As for the Early Stage Business Development Program, WEDC said the depletion wouldn't result in any shortfalls — they predict that of the $30 million originally allocated, only $20 million at most would have ended up being awarded to young businesses and angel investors.
But according to Joe Kirgues, one of the leaders of the startup accelerator gener8tor, the move is evidence that the state is giving short shrift to the state's "knowledge economy" — the businesses that focus more on technology and ideas, and less on creating tangible goods.
"Generally, we believe that Wisconsin should have a vibrant manufacturing economy," said Kirgues. "But we don't think there's been enough focus on positioning the knowledge economy as a stakeholder."
Kirgues said that the fact that the tax credits in the Early Stage Business Development Program weren't projected to be used up by the end of the year doesn't mean that there isn't a demand for them. Rather, he said, it shows that the state needs to be doing more to connect younger companies with those incentives. He said that he knows some young, high-growth companies that have applied for the tax credits, only to be turned down.
This isn't the first time that funds have been shifted away from the early stage tax credits. In fact, reallocations of tax credits away from the early stage business tax credits and angel investment tax credits have happened almost every year since 2009 in Wisconsin.
Kirgues sees those reallocations as being part of a broader trend.
"It's broader cash suck and resource suck away from companies that create knowledge economy jobs," said Kirgues.
Mark Maley, a WEDC spokesperson, said that the assertion that the state isn't doing enough to support younger, non-manufacturing companies is not true.
"The Early Stage Tax Credit is an important tool, and the number of credits issued last year — $18 million — hit an all-time high and was nearly 50% over the previous year," wrote Maley in an emailed statement.
Maley also pointed to other WEDC initiatives that target early-stage companies, including a micro-grant and an accelerator program.
The reallocation of WEDC resources has also become linked to broader conversations, sparked by groups like the Kauffman Foundation, about the efficacy of tax credits as tools for promoting economic growth in the first place.
Max Lynch is the co-founder of Ionic Framework, a Madison startup that's created a mobile developer platform. He says that for his own company, the shifting of tax credits really doesn't matter — such incentives have been irrelevant to Ionic. He believes there are other actions the state could take that would be more effective at nurturing the entrepreneurial environment.
"We as a company want to see more tax money going into public infrastructure and the university," he said. "We want smart people to come work for us."
University of Wisconsin economist Steve Deller said that research by and large supports the idea that tax credits aren't great tools for promoting growth.

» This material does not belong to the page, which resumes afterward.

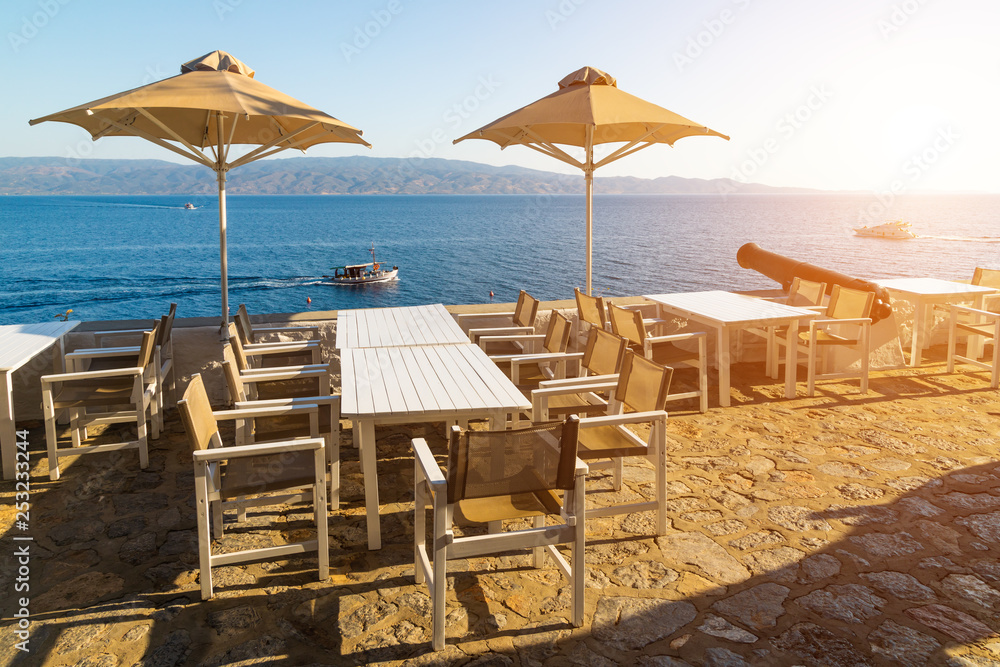 Cafe with umbrellas overlooking the sea. Hydra island, Greece.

"People aren't really that susceptive to small changes in tax code," he said. "Businesses are the exact same way. If they're offered a tax break, it won't change things all that much."

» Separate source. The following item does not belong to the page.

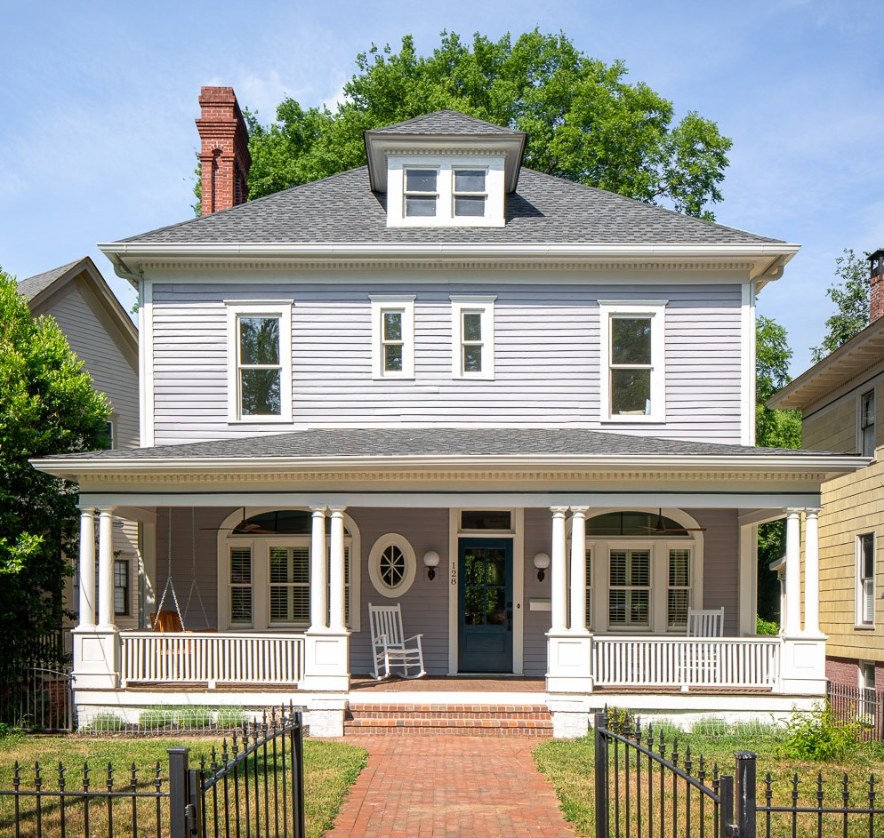 Historic home exterior remodel with gray siding, white window trim, and brick walkway and front porch.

Even for smaller startups, said Deller, tax credits are only so effective.
"The problem with tax credits, is that small businesses are so focused on getting up and running, is that small businesses aren't even looking at tax credits — they're not even on the radar screen," he said.
President of the Wisconsin Technology Council Tom Still said he believes that tax credits do have a place in a state's economic development toolkit, so long as they target very specific companies, such as with the early stage business tax credit.

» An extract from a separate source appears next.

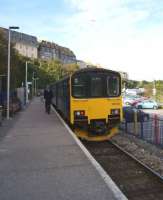 The driver of the St Erth to St Ives shuttle service changes ends at St Ives to prepare for the return on 16 October 2015. In the sky above the unit a parachutist drifts down.<br><br>[John McIntyre 16/10/2015]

"I think it depends on the nature of the tax incentive," he said. "General tax credits, obviously have their limits."
Kirgues, for his part, said that while he's not an economist, he knows a lot of companies that have directly benefited from the early business tax credits. Moreover, he said, he said that the debate at hand isn't whether economic tax credits should exist in Wisconsin or not — rather, it's a question of how to use resources that have already been earmarked as tax credits.
Lynch acknowledged that it was disheartening to see resources shifted away from startups at the state level, regardless of the context.
"The future of Wisconsin are these health care and IT companies," said Lynch. "We're the ones creating jobs."
Deller said that research indeed supports that assertion as well: "In Wisconsin, it turns out the bulk of the job growth comes from young businesses, and they happen to be small."
The conversation comes as officials have turned their scrutiny to another tax credit: Legislative Fiscal Bureau report recently found that the state's manufacturing and agricultural tax credit will award $21 million in credits to 11 of the state's highest earners.